Legend has it that two knights fought to the death on a bridge over what is now the Serpentine – which became Knightsbridge.
Fighting to the death there now are the number of quality restaurants owned by A-list chefs and elite business groups that are parading their house banners in the battle for top dog in London’s most expensive postcode.
Get your glad-rags on, arm yourself with a fully loaded credit card…
…and let battle commence.
Harry’s Dolce Vita
One of the Caprice holdings series (along with The Ivy and J. Sheekey), this glamorous den is serving ’50s and ’60s inspired Italian food and drink from morning to night.
Walking into the dining room you’d think it was the set of an old fashioned who-dun-it movie: wood panelled walls and parquet flooring are offset by golden features, soft retro lighting and a mirrored ceiling. If you look carefully, you can probably see the cast of Murder on the Orient Express sipping sgroppino cocktails (Limoncello, sorbet and prosecco) at one of the intimate booths.
While you’re there, why don’t you see what they’re eating, too? Harry’s tagliolini with truffle, parmesan and cream; bistecca di manzo (sirloin steak with rocket salad and datterini tomatoes); and spigola grigliata (simply chargrilled seabass with courgette, and herb salad) will probably all be on the table. READ MORE
Details: 27-31 Basil Street, SW3 1BB | Open daily, 9am-midnight (11pm Sundays)
Dinner By Heston
Heston Blumenthal’s only London restaurant is inspired by the history of British gastronomy from the Middle Ages up to the Victorian era – and has earnt itself two Michelin stars on its journey.
With a historically accurate pineapple roasting pulley as its centre piece – the restaurant (somewhat in keeping with Heston’s style) looks like something out of The Science Museum: culinary sculptures and dark wooden panelling give it a post-modern feel.
If you enjoyed the pineapple exhibit – the arrival of the food is going to knock you back to the Dark Ages…literally.

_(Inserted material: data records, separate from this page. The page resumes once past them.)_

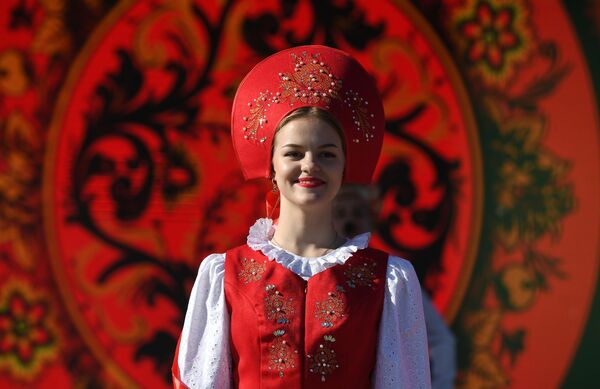 俄罗斯喀山“民族就是现在”民族文化节。该文化节汇聚创意先锋、擅长民俗表演现代化的艺术大师和手工艺大师等民族文化传承人的作品。 - 俄罗斯卫星通讯社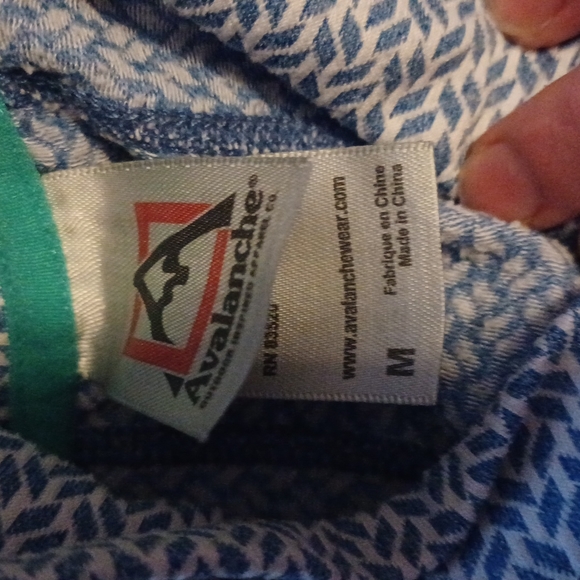 Avalanche Pullover Sweater - Picture 2 of 3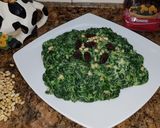 Foto del paso 6 de la receta Espinacas con salsa bechamel pasas y piñones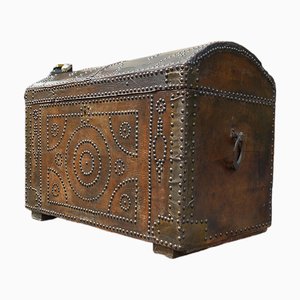 Baule antico in pelle con borchie, metà XVIII secolo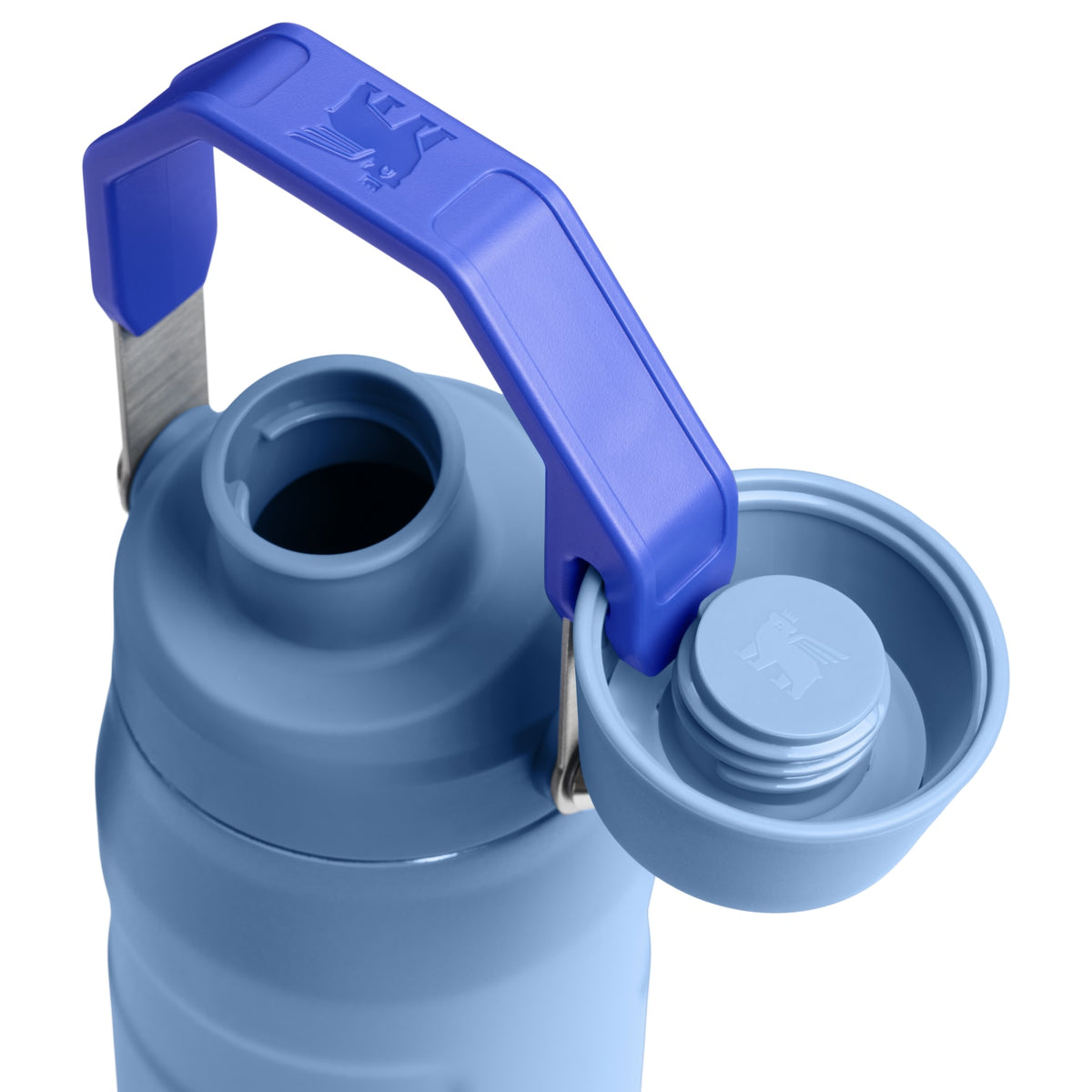 Garrafa Térmica Stanley Aerolight™ Fast Flow 710 ml Blue Sky, com a tampa aberta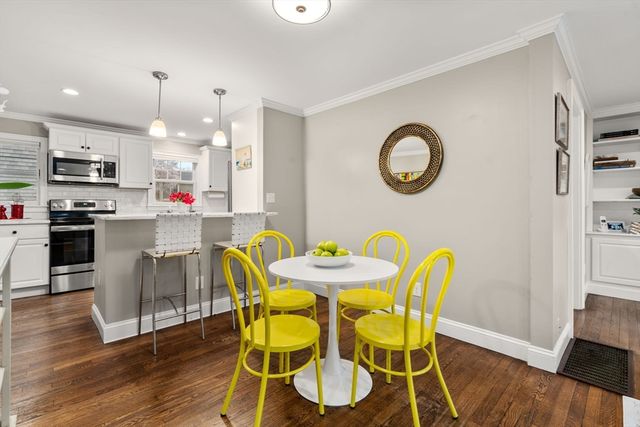 11 Oak St 16, Wellesley, MA 02482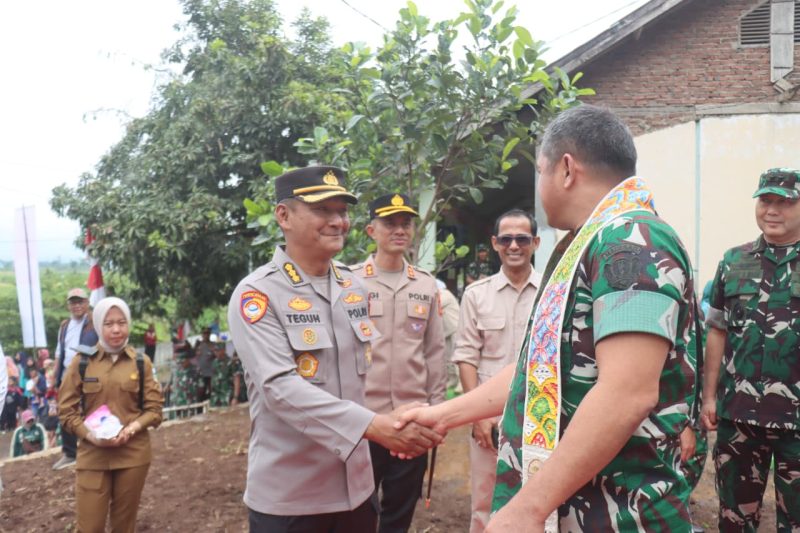 Kapolres Garut AKBP Yugi Bayu Hendarto, S.I.K., M.A.P. turut mendampingi Kepala Staf Angkatan Darat (KASAD) Jenderal TNI Maruli Simanjuntak, M.Sc. dalam kegiatan launching pembersihan Situ Bagendit, Kecamatan Banyuresmi, Kabupaten Garut, Selasa (12/8/2025).
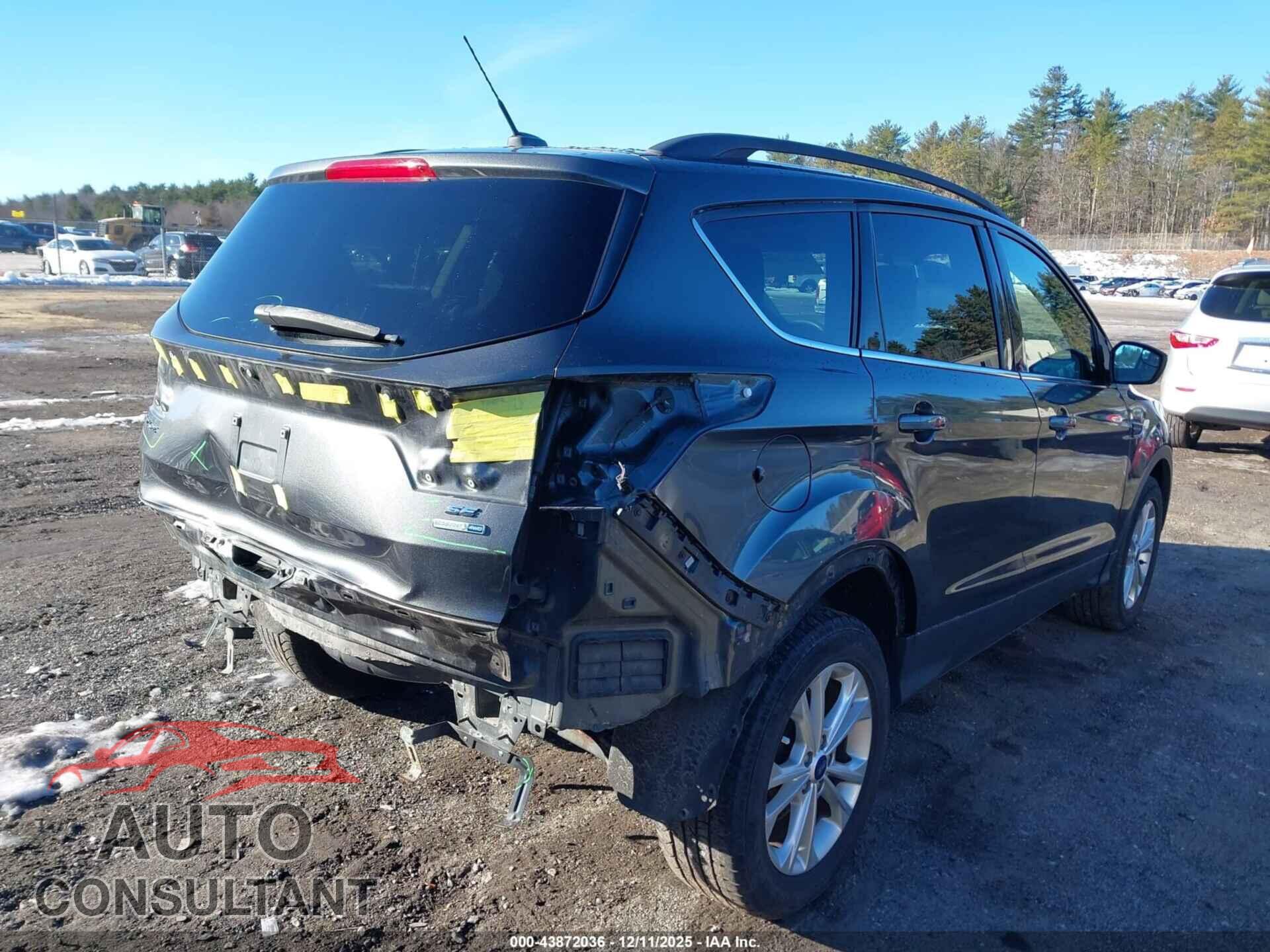 FORD ESCAPE 2018 - 1FMCU9GD3JUD40019
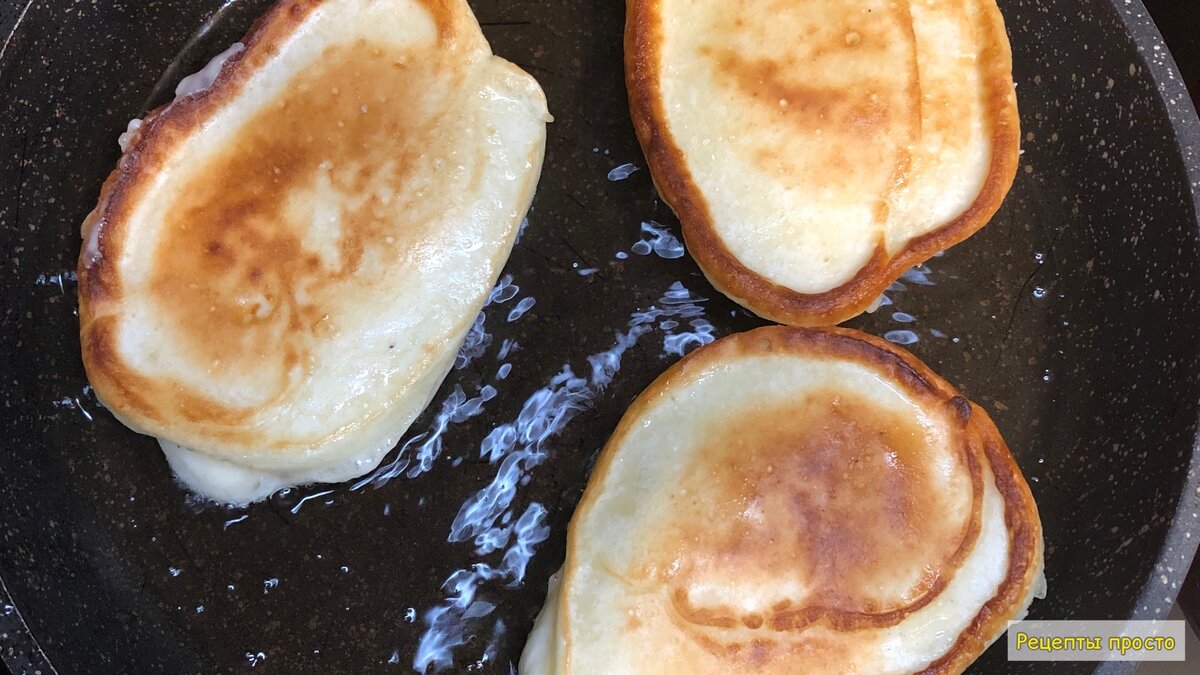 Готовлю оладьи.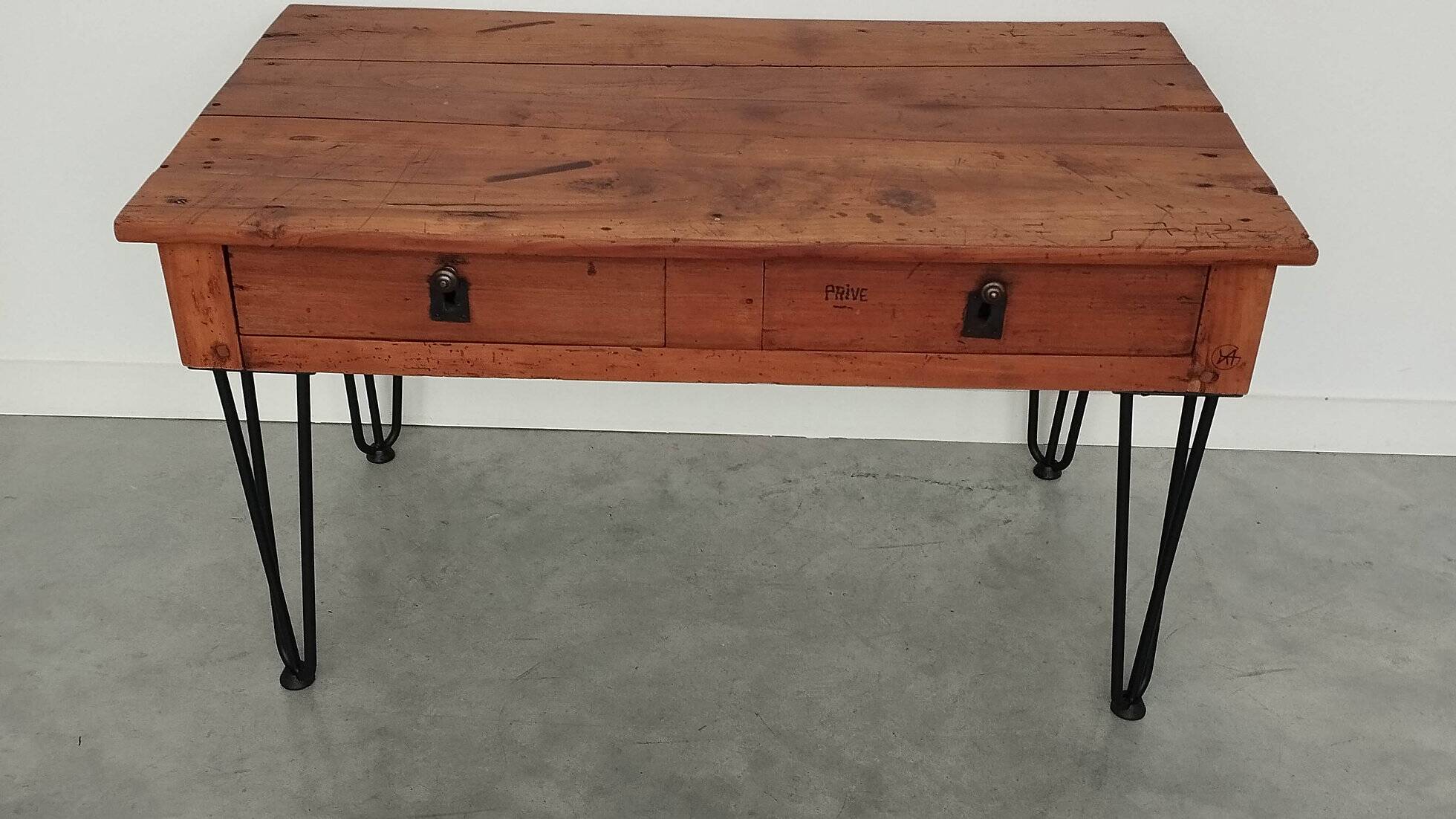Paulette coffee table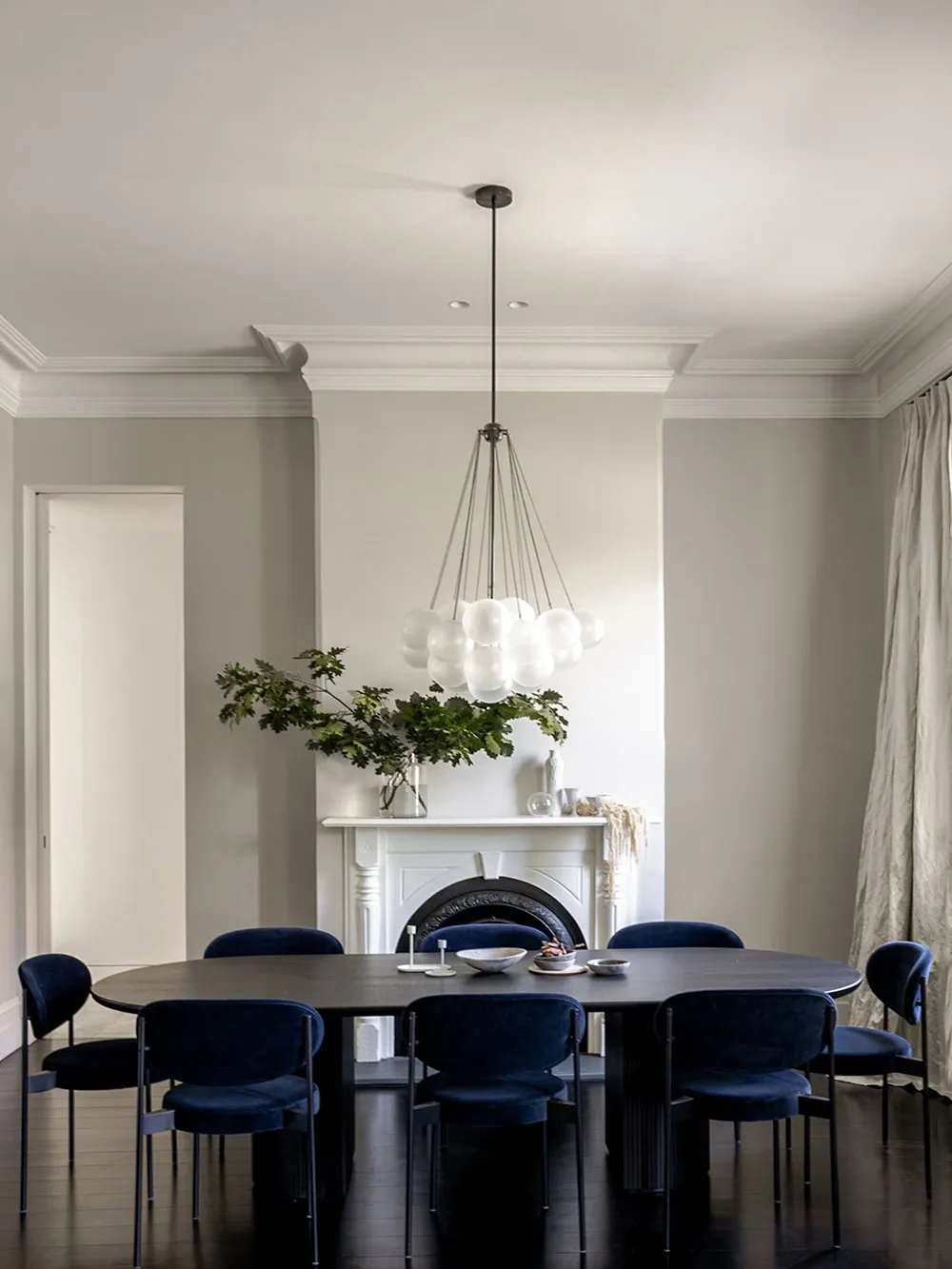 Изящный черно-белый интерьер большого дома с историей в Австралии - Gallery image 3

Meat Fruit (c.1500) arrives dressed as a mandarin, only to be revealed as chicken liver parfait; Frumenty is a 14th century dish of grilled octopus, spelt, smoked sea broth and pickled dusle; and lamb and cucumber (c.1830) – saddle of lamb, cucumber heart, peas, sweetbread, borage and mint – will have you rubbing your belly like William IV. READ MORE
Details: Mandarin Oriental Hyde Park, SW1X 7LA | Open daily for lunch and dinner
Zuma is based on izakaya-style dining, small plates to be shared with friends along with a couple of drinks.
On entering, the mouth-watering smell of the open-flamed robata grill scorching bits of flesh is unbearably good. Couple this with the huge granite dining bar where you can see the chefs working said grill, and every sense (except that of taste) has been satisfied before you’ve even sat down.
The kitchen, and therefore the menu, is broken down into three parts: the main kitchen, the sushi counter and the robata grill. Expect dishes such as: spicy yellowtail tuna, sansho pepper, avocado and wasabi mayo; grilled Chilean seabass with green chilli and ginger dressing; and sirloin steak with fresh wasabi and yuzu tahoon cress.
If you’re not dizzied by the food, the 40 strong shakes the bartenders have at their disposal should do it. Try the Hokkaido Blossom which ties gin together with lillet blanc, plum sake, orange blossom and champagne. READ MORE
Details: 5 Raphael Street, SW7 1DL | Open daily for lunch and dinner
What would normally be considered as a treat-yourself night out is almost downgraded to a don’t-worry-I’ll-get-this-one restaurant, amongst the grandeur of the Knightsbridge elite.
Hawksmoor’s usual leather seats, art deco lighting and gold trim are all there, like a comfy pair of slippers – but a large marble banquette that dissects the restaurant lets you know that you’re in Knightsbridge.
Other exclusive-London-postcode idiosyncrasies include a caviar blackboard (to enjoy with or without chilled vodka), Brixham lobsters (devilled, Singapore-style or in a roll with yuzu and & sriracha); and a fist-sized, house-made Ferrero Rocher-esque chocolate ball for dessert.
What? You’re in Knightsbridge. READ MORE
Details: 3 Yeoman’s Row SW3 2AL | Open for lunch & dinner Mon-Sat, then all day Sun (12-9.30pm)
Wedged between One Hyde Park and the Bulgari Hotel, Mari Vanna looks like an ageing mother between her two enormous sons.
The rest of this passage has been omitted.